Options to consider:

  •  Consider a hospital that will take the baby to the nursery at night rather than requiring that you “room in” – they don’t all do this, so you might ask in advance.
  • Take shifts with your partner: one of you is responsible for the baby while the other sleeps.
  • Have another person be your overnight support (if no partner, or partner needs to be home with older children.)
  • Ask if you can have fewer overnight vitals checks, especially if you’re still there primarily to monitor the baby’s health rather than yours.

Boston-specific recommendations

I did my first two births at the Cambridge Birth Center, which currently does prenatal care but does the actual births at Cambridge Hospital. I did my third birth with the midwives at Mount Auburn Hospital. I’d be happy with either again, but would go for a hospital birth rather than birth center.

Almost everyone I know who’s had a baby around here gave birth at Mount Auburn and was pretty happy with it.

  1. Sweet Tea

    One consideration I didn’t see talked about much is the risk of C-section impacting future childbearing. Once one has a C-section, future pregnancies have a very high chance of also requiring a C-section (often due to doctor policy); and C-sections carry a decent risk of emergency hysterectomy over the long term [0] as well as carrying a much higher risk to the infant. As people who hoped to have a large family, we chose to homebirth to reduce the risk of starting off with a C-section and thereby decreasing future childbearing ability. (Of course we would have transferred had a C-section been necessary.)

    [0] https://www.hellomotherhood.com/article/31679-multiple-csection-complications/

    • Yuval Noah Harari

      This was my reasoning as well for trying to avoid C-section, which I eventually had to have with my first after 50 hours of labour. If I had had a homebirth I would have had to have been transferred anyway. And when I tried a VBAC with a second I was diagnosed with malformation of the pelvis (android pelvis). The second C-section was correlated with the first, because a lurking variable caused both C-sections, not because the first C-section caused the second C-section. They were unavoidable for me and in retrospect labouring for 50 hours was pointless and risky for both me and the baby, and I regret it.

  2. EKP

    I too chose to go with midwives in a hospital setting. While objectively everything went “fine”, I am in therapy to attempt to process my experience and am pretty upset about how a lot of things were handled. Mental health and being treated well is worth some increased risk in other aspects. L & D is so fundamentally different than other medical procedures – I can’t think of much else where you are awake and aware but can’t slow things down or leave.

  3. Yuval Noah Harari

    I regret buying too much into the natural birth movement, and I was very grateful I ended up birthing at a hospital. I had looked into having a home birth – going so far as to interview midwives – and I’m glad I didn’t do it.
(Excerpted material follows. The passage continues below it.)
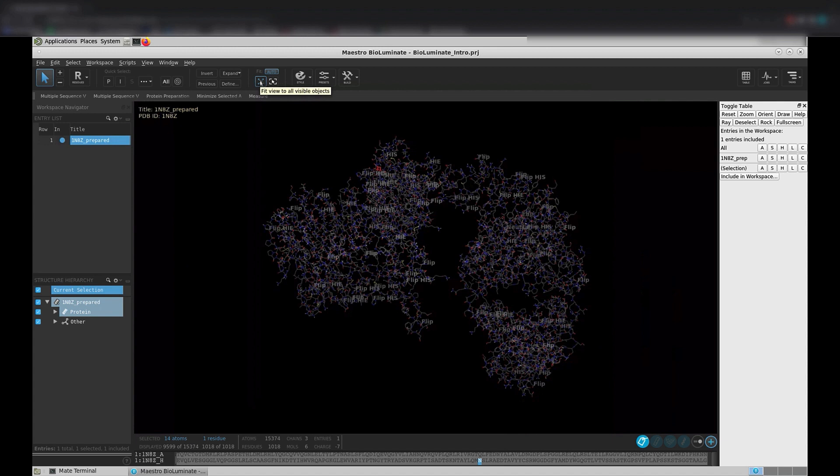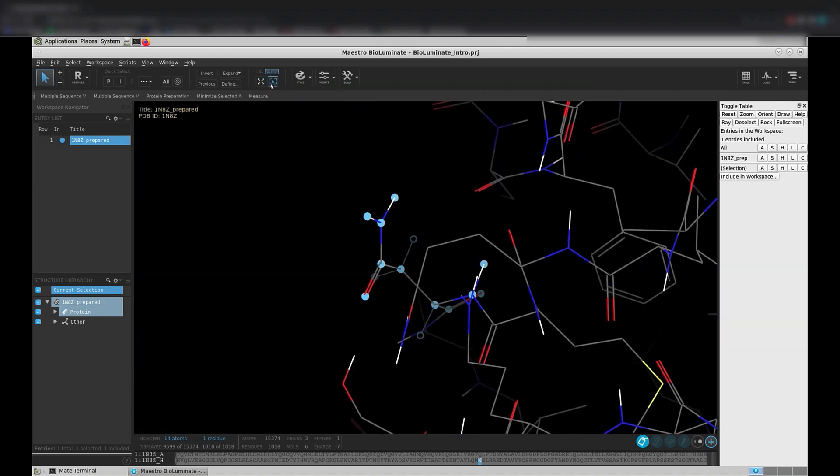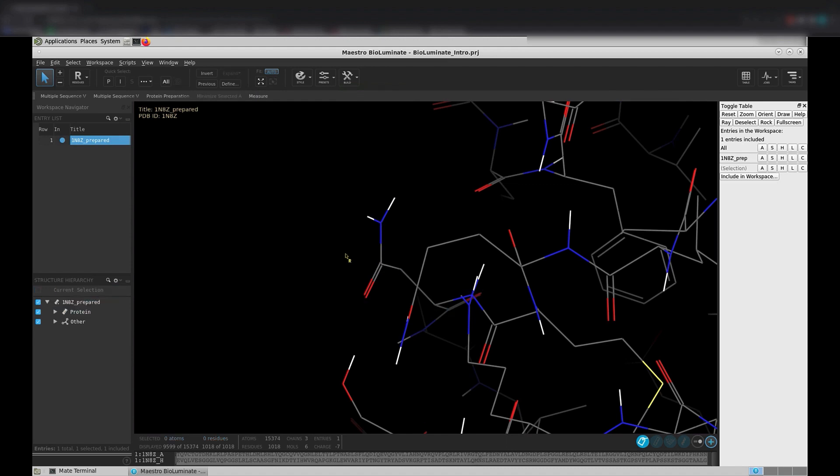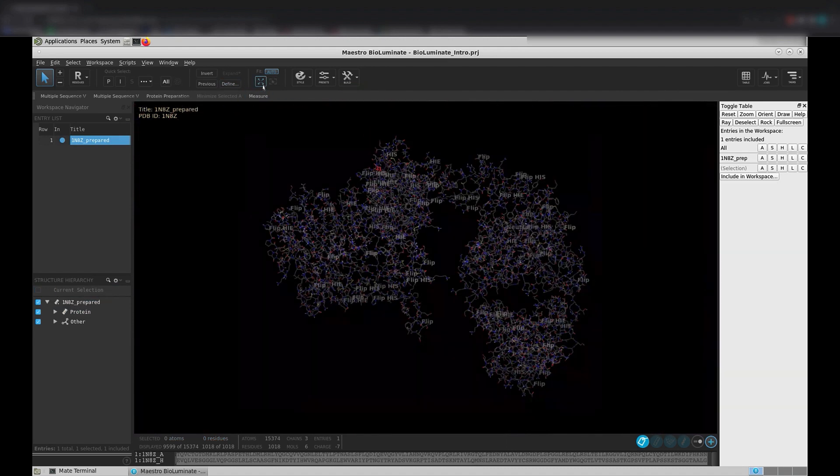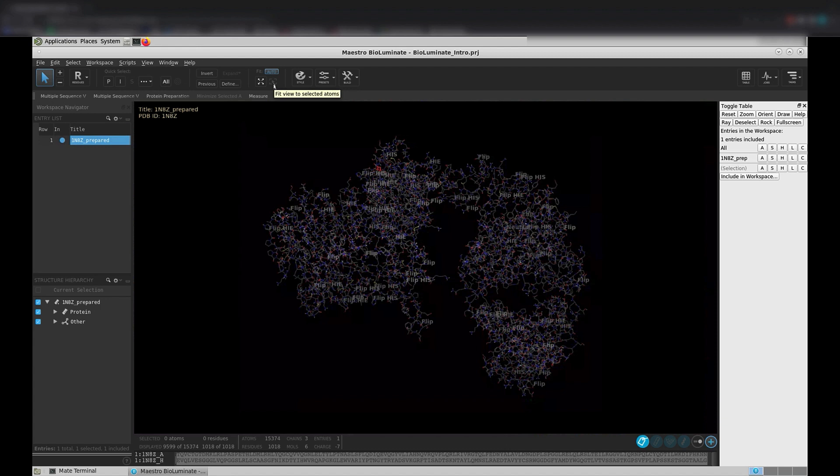Likewise, you can zoom in to just a group of selected atoms. Notice that buttons in BioLuminate will become active or inactive depending on what is in your workspace. For instance, if we don't have any atoms selected in our workspace, this button isn't active. You can use this visual cue to help you know which buttons to use, as well as hovering over buttons to use a tooltip to remind you what they do.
    I also regret asking them to delay pitocin and C-section in the hospital. Hindsight is 20/20 – it turns out a malformation of the pelvis (android pelvis) means I can’t give birth naturally and I laboured for 50 hours for nothing.

    My son also has autism and though I believe it’s overwhelmingly genetic, it’s hard to shake my mother in law’s suggestion (who is a pediatrician specialising in developmental disorders) that the hard labour was a contributory factor. It probably didn’t cause it, but it certainly didn’t help!